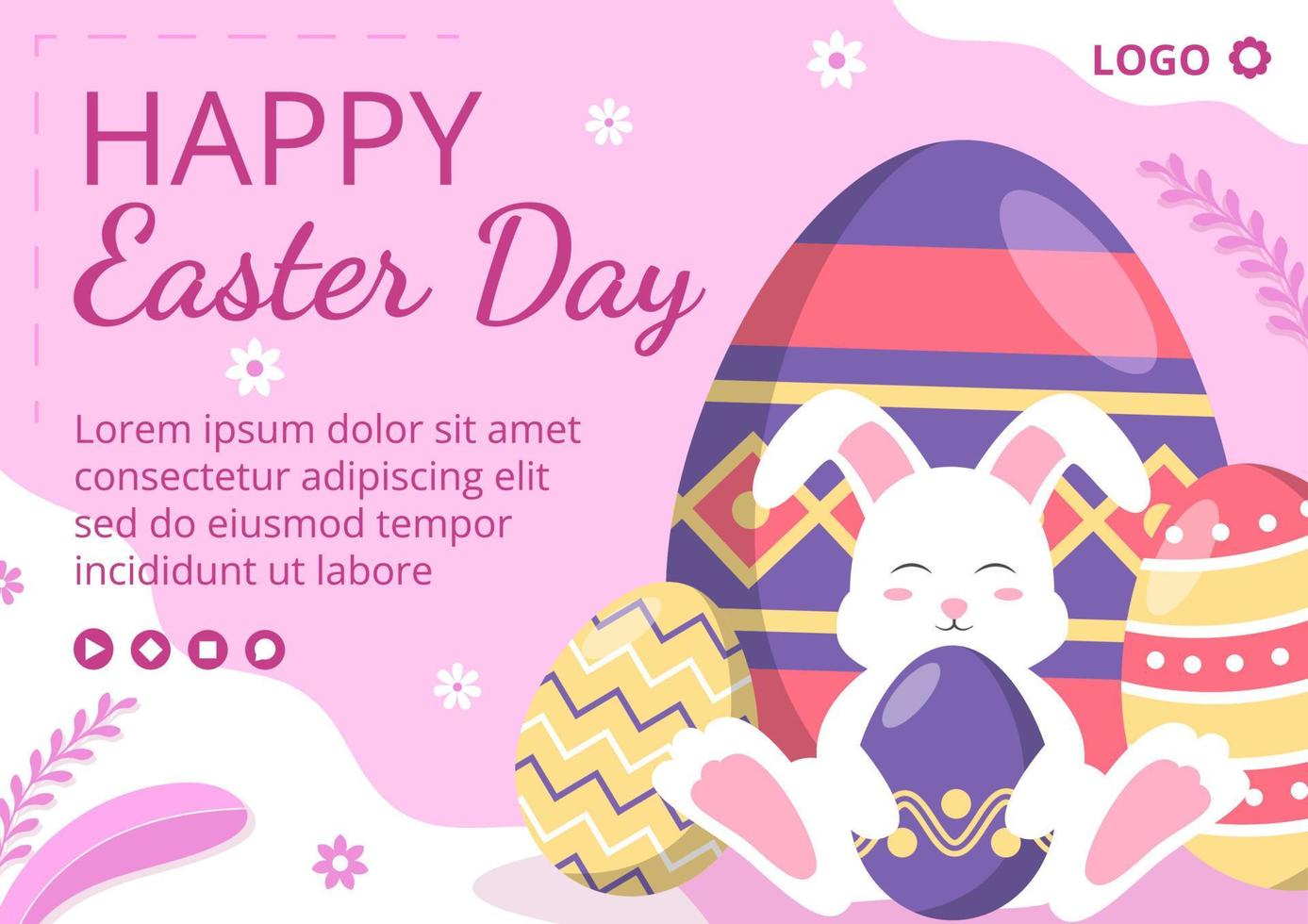 Happy Easter Day Brochure Template Flat Illustration Editable of Square Background Suitable for Social Media, Greeting Card or Web Ads vector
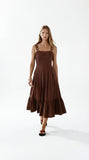 Daphne Brown Linen Dresss
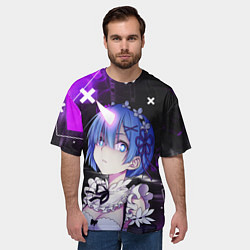 Футболка оверсайз мужская Rem - ReZero - Абстракция, цвет: 3D-принт — фото 2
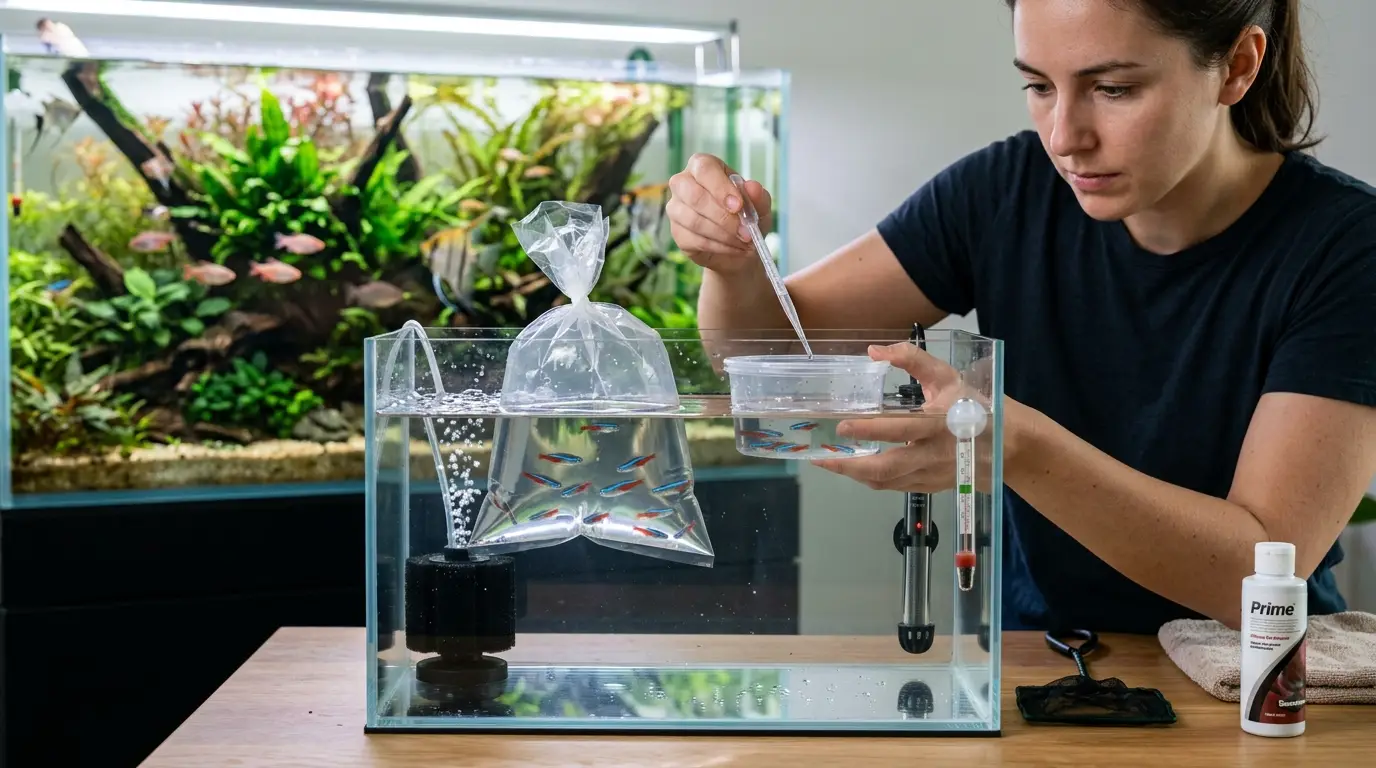 New aquarium fish being safely acclimated beside a separate quarantine tank with sponge filter and aquarium equipment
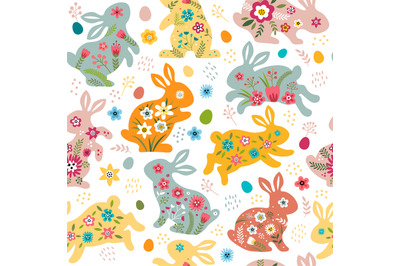 Easter pattern. Decorative botanical design seamless background with f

_WORK TO BE COMPLETED:_ Please take the lines from the beginning of the data above through the line holding "Футболка оверсайз мужская" and transcribe them exactly, without any pictures.

_RESPONSE BELOW:_
 Happy Easter Day Brochure Template Flat Illustration Editable of Square Background Suitable for Social Media, Greeting Card or Web Ads vector
 Daphne Brown Linen Dresss
 Футболка оверсайз мужская Rem - ReZero - Абстракция, цвет: 3D-принт — фото 2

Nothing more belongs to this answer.